Двое патрульных неспешно осыпали заснеженный тротуар мокрыми следами. Под хруст ноябрьского снега они тщательно всматривались в каждый покрытый мраком переулок. Совершали обход отведенной им северной части района. Сейчас здесь было куда спокойнее, чем пару дней назад, тишина висела над районом гробовая, нехорошая, будто предупреждающая.
- Пустая трата времени этот патруль! Бэтмен давно всех отловил… Что мы тут вообще делаем? - раздраженно процедил Кирк, выдыхая теплый пар так, что его нос зрительно становился больше и длиннее под светом рыжеватой лампы нависающего над ними фонарного столба. - Мерзнем здесь понапрасну, как побитые собаки… Бр-р-р, - добавил он, стягивая вокруг шеи воротник осенней полицейской куртки.
- Дурак ты, парень. Бэтман… шмэтман… он не полицейский, а обычный… - его прервал шипящий звук рации, размещенный на груди, не позволяя закончить мысль о том, что Бэтмен - это всего лишь очередной псих, который наряжается в костюм летучей мыши и каждую ночь нарушает закон, мешая полицейским выполнять свою работу. Майк ненавидел Бэтмена. Когда-то офицер был одним из прихлебателей семьи Марони, оказывал содействие мафиозной семье за хрустящие банкноты, нарушая закон. Бэтмен своим появлением лишил его этого заработка. Майк резко остановился, устало выдохнул и раздраженно сняв рацию с груди поднес ее ко рту. Время сейчас было такое, что каждый вызов из диспетчерской мог обернуться несчастьем, плохой вестью, которая легко может сместить тишину со сцены и взорваться, зацепив волной всех.
- 14-А на связи, прием. - протараторил офицер с серьезным лицом, не отводя взгляд от очередного переулка, объятого мраком.

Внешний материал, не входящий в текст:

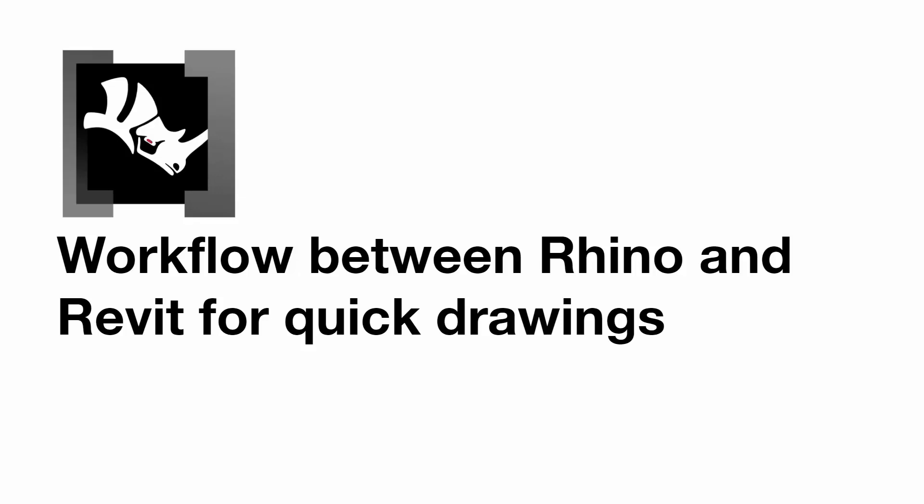We've been getting a lot of questions about how to move Rhino geometry into Revit. There are a few different ways to do this, so I thought I'd make a quick video on how to move Rhino geometry into Revit in a way that you can do some quick drawings.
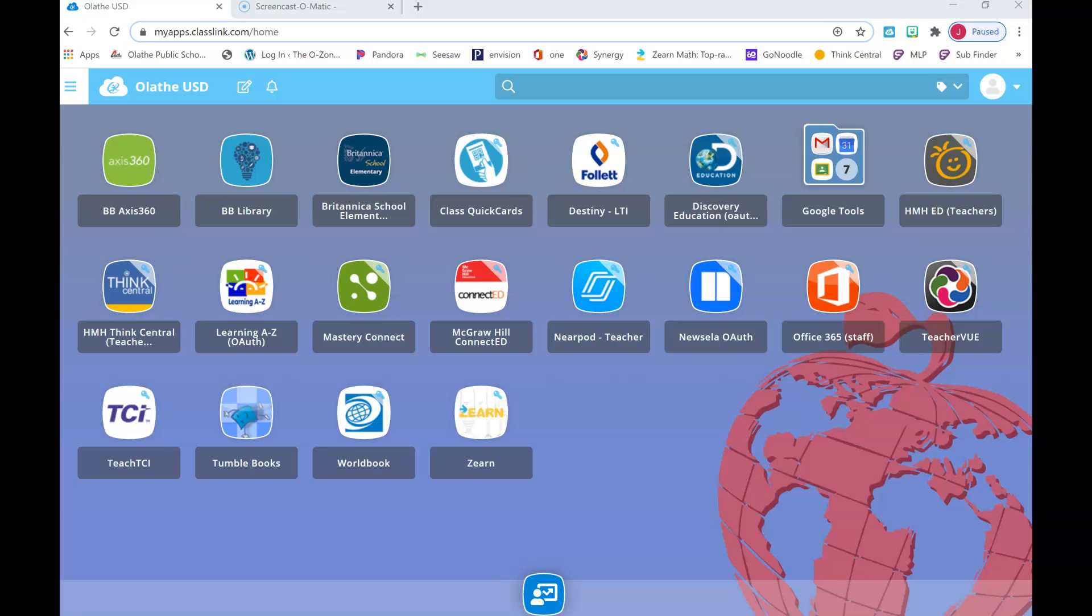Hello fourth grade, it's Mrs. Boswell. Today for social studies we're going to be using our social studies book online. The first thing I need you to do is click on ClassLink. Remember you're going to look for this logo with the little person in the cloud.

- 14-А, возвращайтесь в департамент, у нас новая волна… - голос из рации прервал звук сильного удара, пришедшийся Майку в затылок. Грузное тело под сдавленный стон офицера плашмя валится на асфальт лицом вниз. Кирк, устало преодолевая зевоту в этот момент, завидев лежащее тело напарника, инстинктивно выхватывает из кобуры пистолет и оборачивается назад, встретив дулом пистолета ладонь неизвестного. Скалящаяся худощавая фигура в одутловатой, потертой куртке пристально смотрит из под капюшона и тихо смеется, вытаращив глаза, заставляя полицейского вдавить спусковой крючок, что есть силы. Под оглушительный звук выстрела пуля прошла сквозь ладонь нападавшего, разбрызгивая кровь и выдавливая из него пронзительный крик, который через секунды постепенно перерастает в припадочный смех.
- Одно… тело… о-один час. Он сказал одно тело… Не два, а одно! - шепот мужчины перешел в неразборчивый крик, а из под нависающего рукава сверкнуло лезвие, которое буквально через секунду устремилось в шею Кирка. Лезвие пронзило его шею под веселый смех душевнобольного не меньше десяти раз, превратив шейную плоть в кровавое месиво, которое стекало по шее, пачкало синий ворот алой артериальной жидкостью, превращая в темно-фиолетовый. Псих валит хрипящего, до алых пузырей во рту, Кирка на асфальт, крепко обхватив дуло пистолета кровавой ладонью. Продолжает наносить удары, забрызгивая кровью себя и окружающую их снежную гладь.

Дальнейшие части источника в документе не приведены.